YOUR ASSIGNMENT: Below is a listing with pictures. Repeat exactly the lines starting at the one holding "2020 Tesla Model X - мініатюра 8" and going on through the one holding "15 Harding St, West", and leave every picture out.

EXTRACTED MATERIAL:
──────

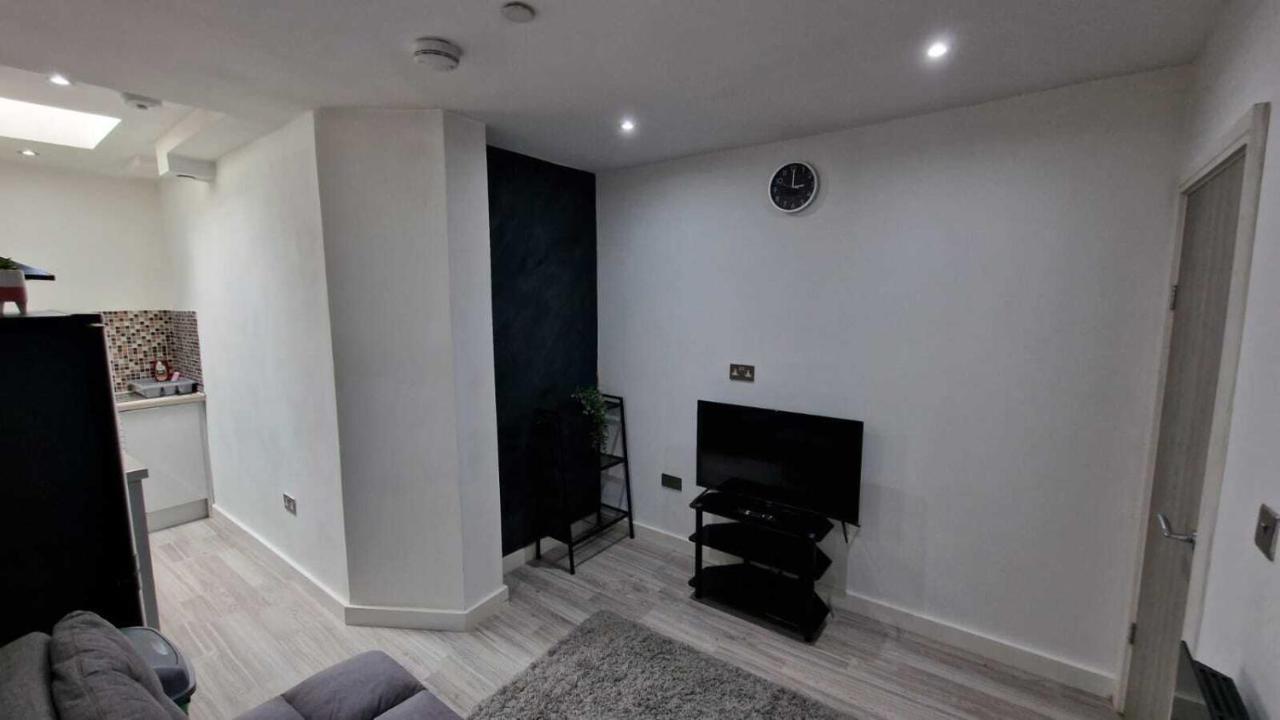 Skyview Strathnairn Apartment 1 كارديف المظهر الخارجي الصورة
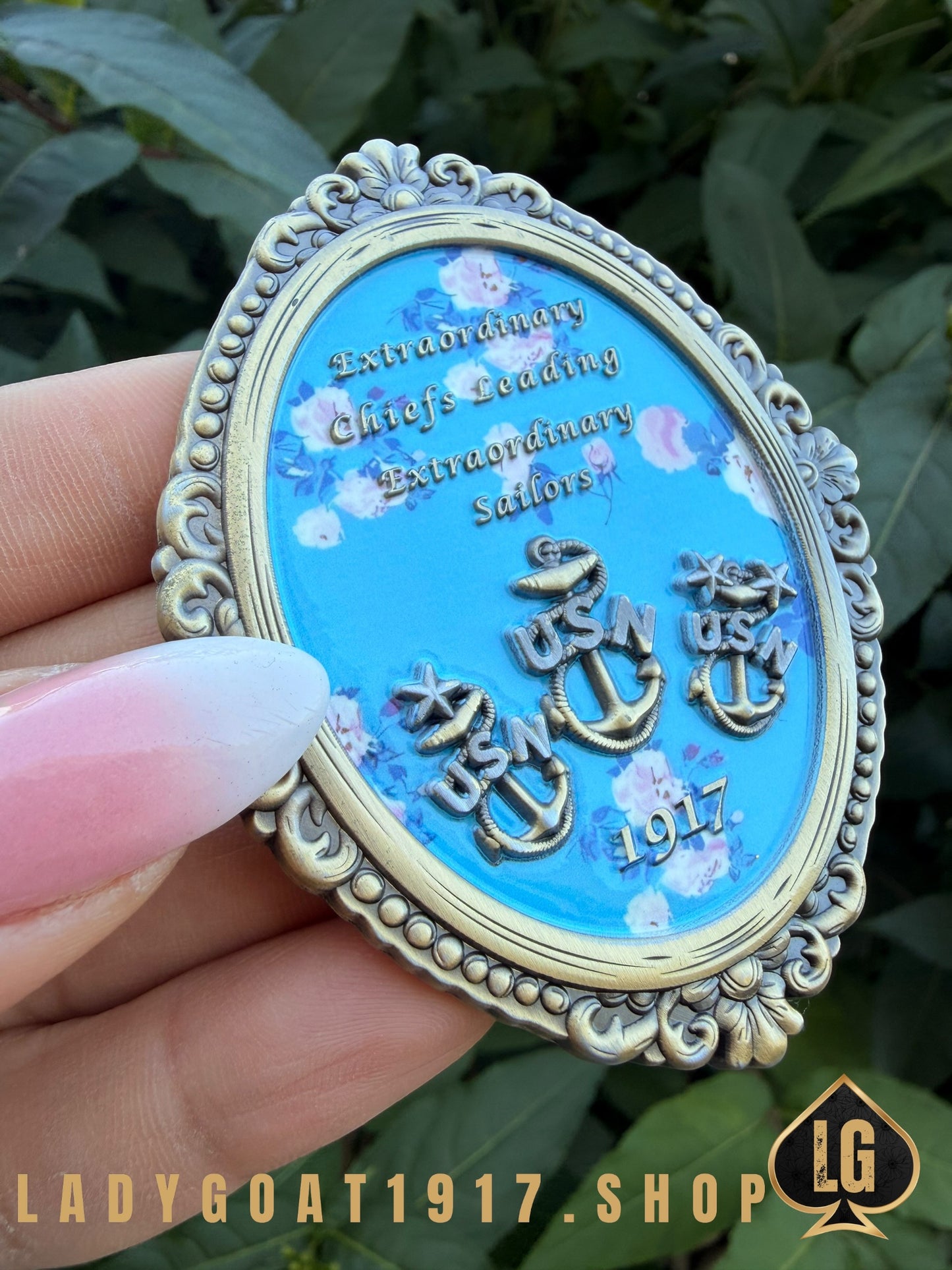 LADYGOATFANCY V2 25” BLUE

──────

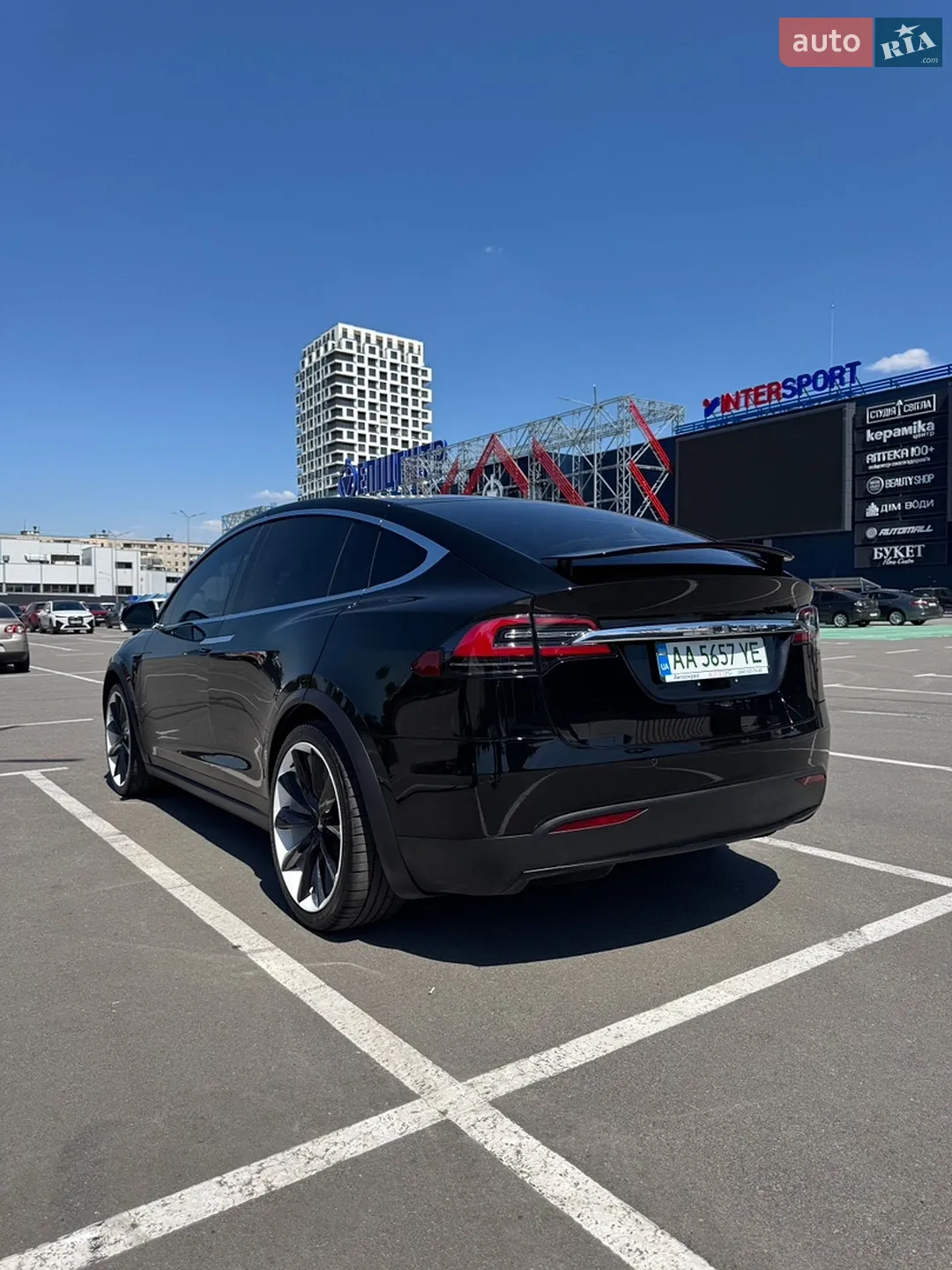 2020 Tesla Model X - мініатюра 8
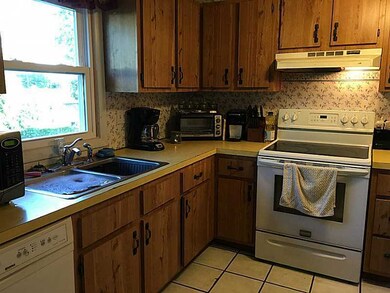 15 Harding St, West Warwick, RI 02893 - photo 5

──────

ANSWER BOX:
 2020 Tesla Model X - мініатюра 8
 15 Harding St, West Warwick, RI 02893 - photo 5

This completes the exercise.